What the task asks:
Repeat exactly, and only, the lines of the entries below from the one with "Carica e avvia" through the one with "Roter Pushup Bh mit schwarzer Spitze", both ends included.

Available records:
*** Begin section ***
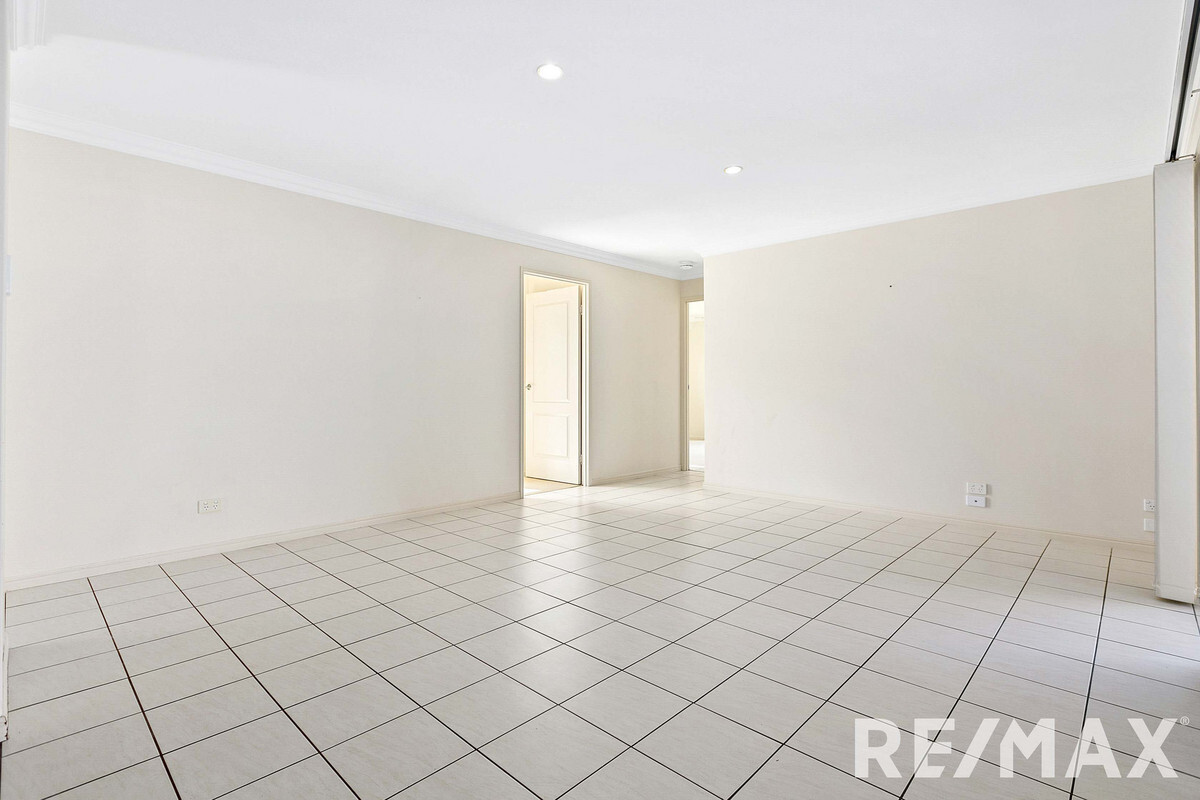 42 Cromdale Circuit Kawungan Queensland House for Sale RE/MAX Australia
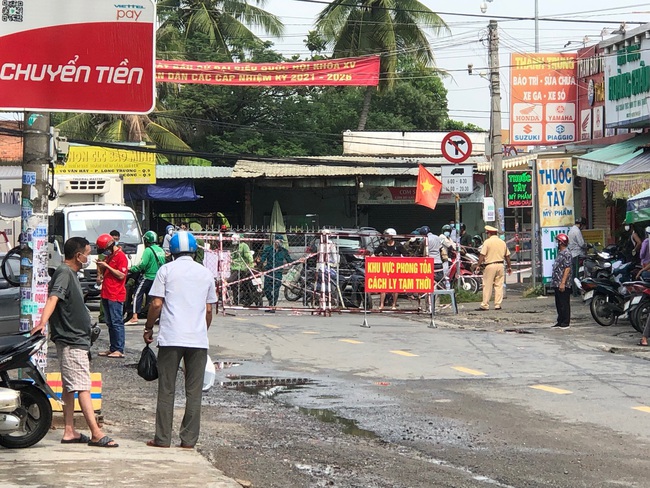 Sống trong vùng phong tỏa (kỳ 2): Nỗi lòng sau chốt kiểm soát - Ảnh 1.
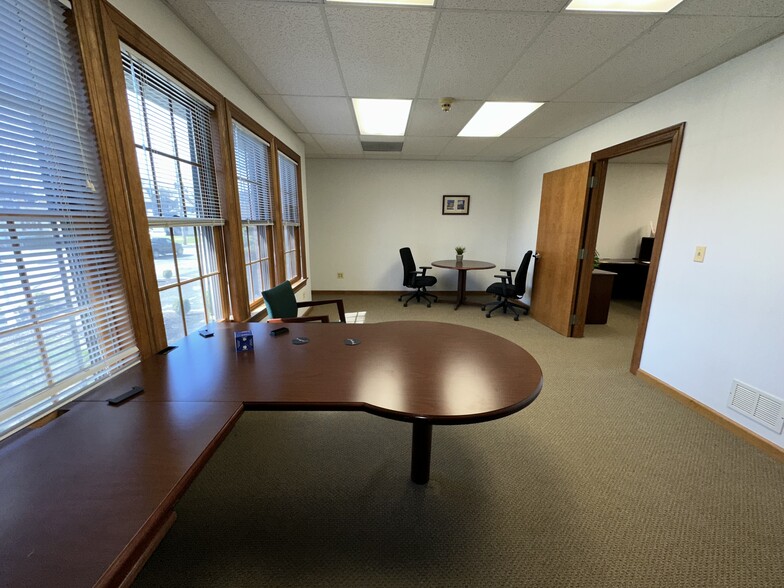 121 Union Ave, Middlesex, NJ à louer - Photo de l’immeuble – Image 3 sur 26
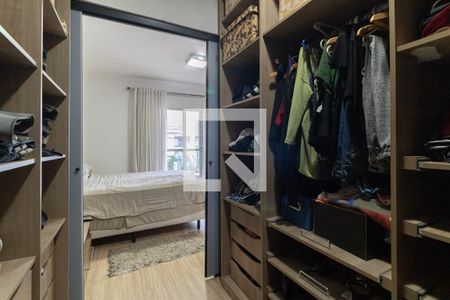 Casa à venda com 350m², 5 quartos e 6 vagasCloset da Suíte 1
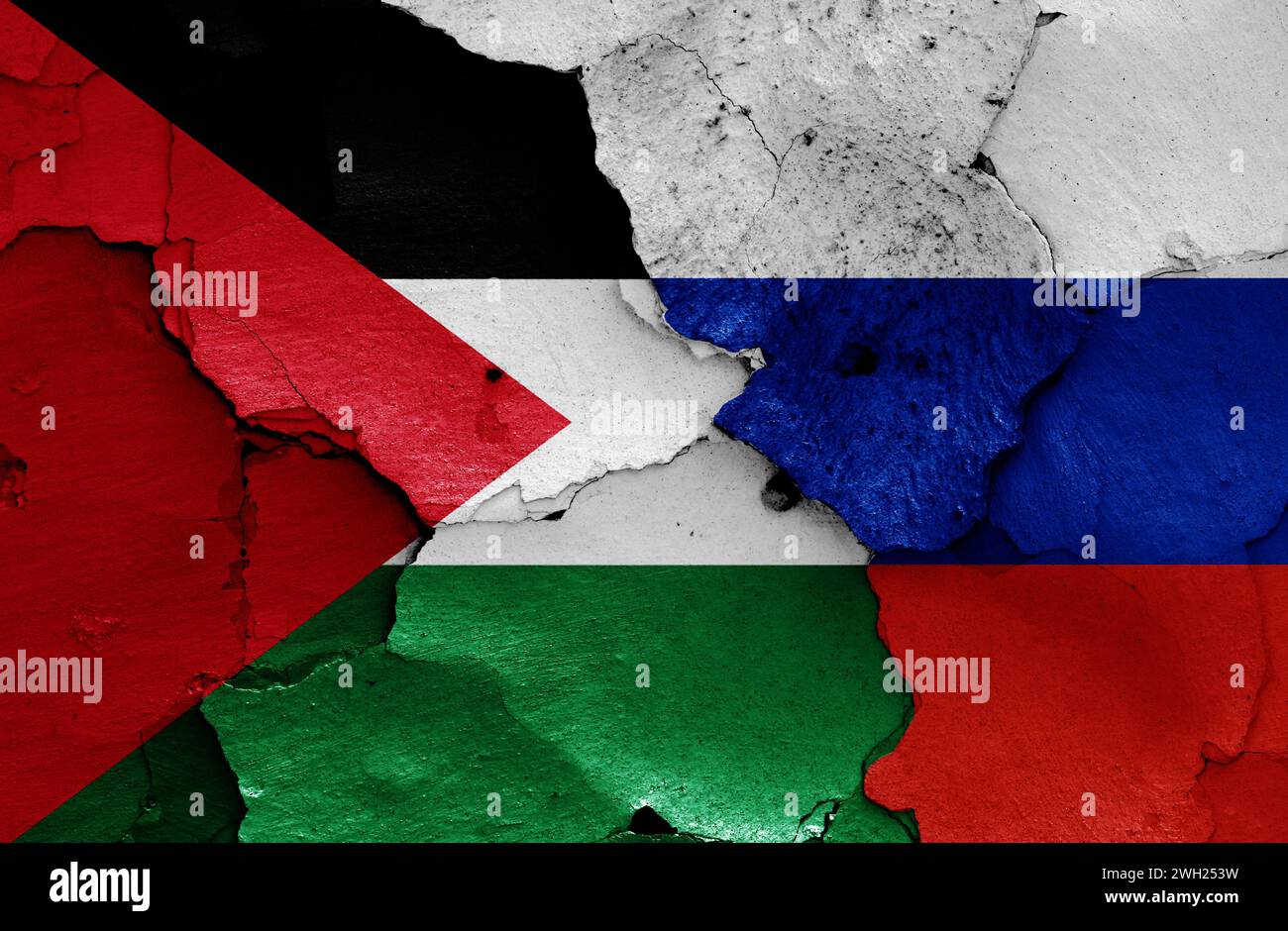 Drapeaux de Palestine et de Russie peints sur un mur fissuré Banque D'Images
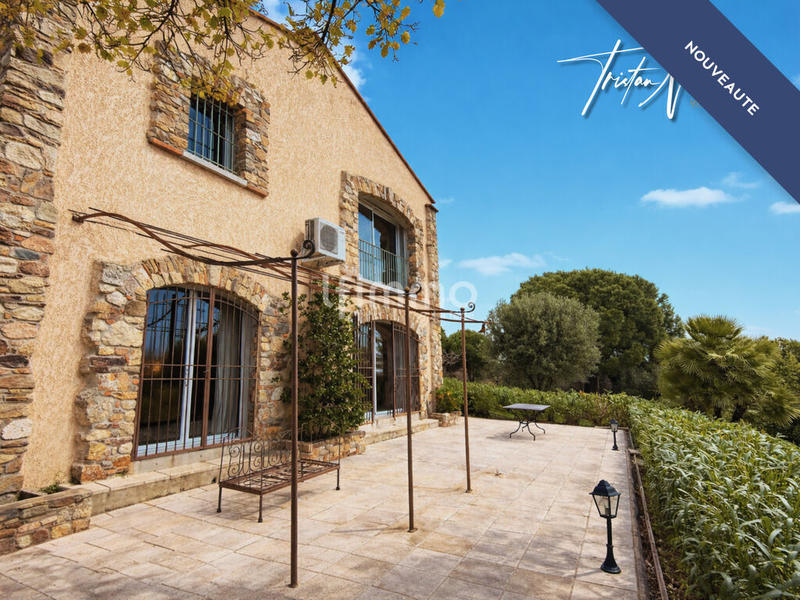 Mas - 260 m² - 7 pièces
*** End section ***
*** Begin section ***
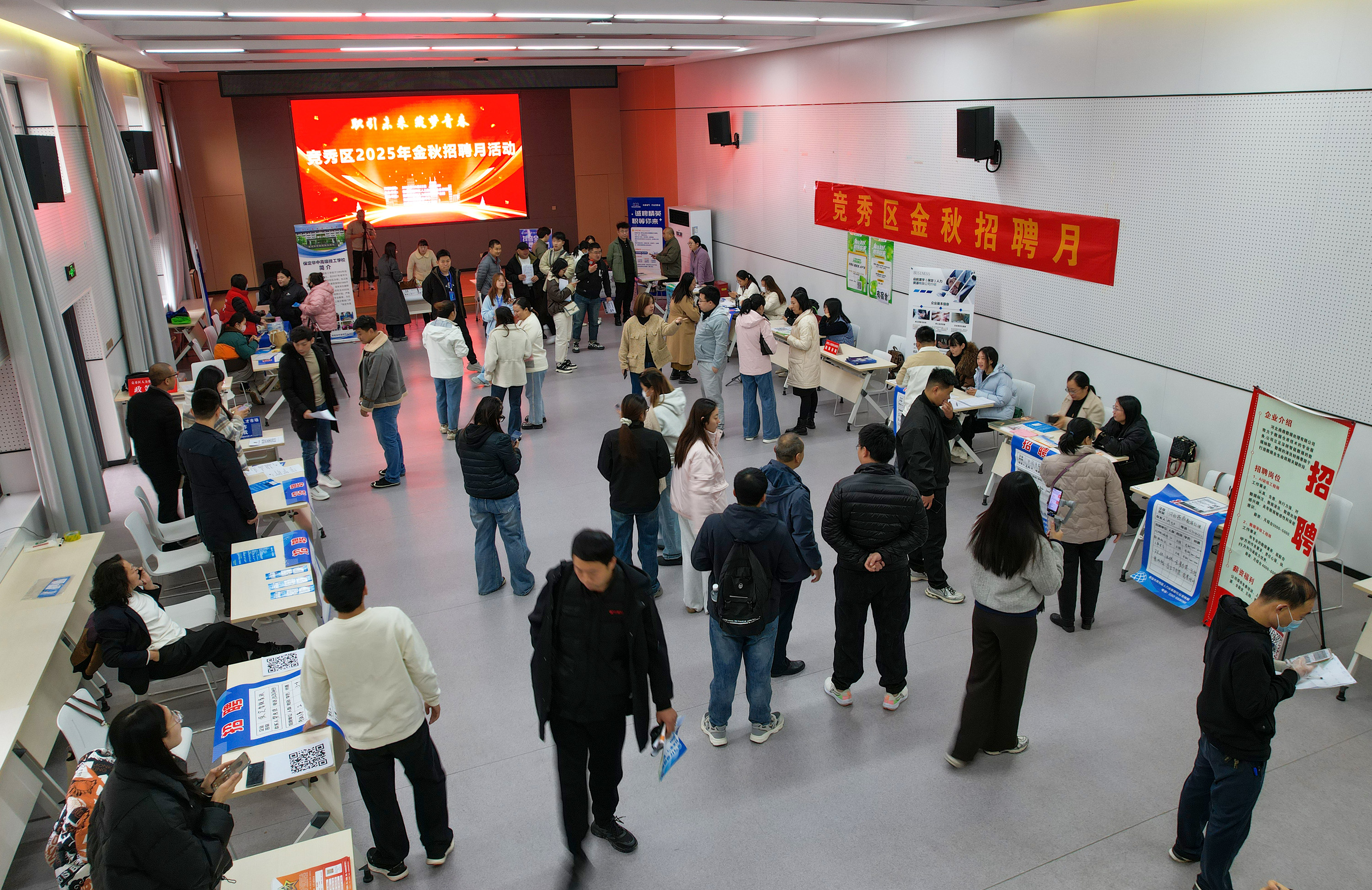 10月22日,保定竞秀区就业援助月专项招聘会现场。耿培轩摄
*** End section ***
*** Begin section ***
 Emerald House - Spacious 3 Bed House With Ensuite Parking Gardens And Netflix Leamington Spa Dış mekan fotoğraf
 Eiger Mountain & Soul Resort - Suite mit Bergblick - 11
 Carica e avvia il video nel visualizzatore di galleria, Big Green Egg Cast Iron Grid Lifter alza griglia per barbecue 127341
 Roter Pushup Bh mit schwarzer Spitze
*** End section ***
Answer space:
 Carica e avvia il video nel visualizzatore di galleria, Big Green Egg Cast Iron Grid Lifter alza griglia per barbecue 127341
 Roter Pushup Bh mit schwarzer Spitze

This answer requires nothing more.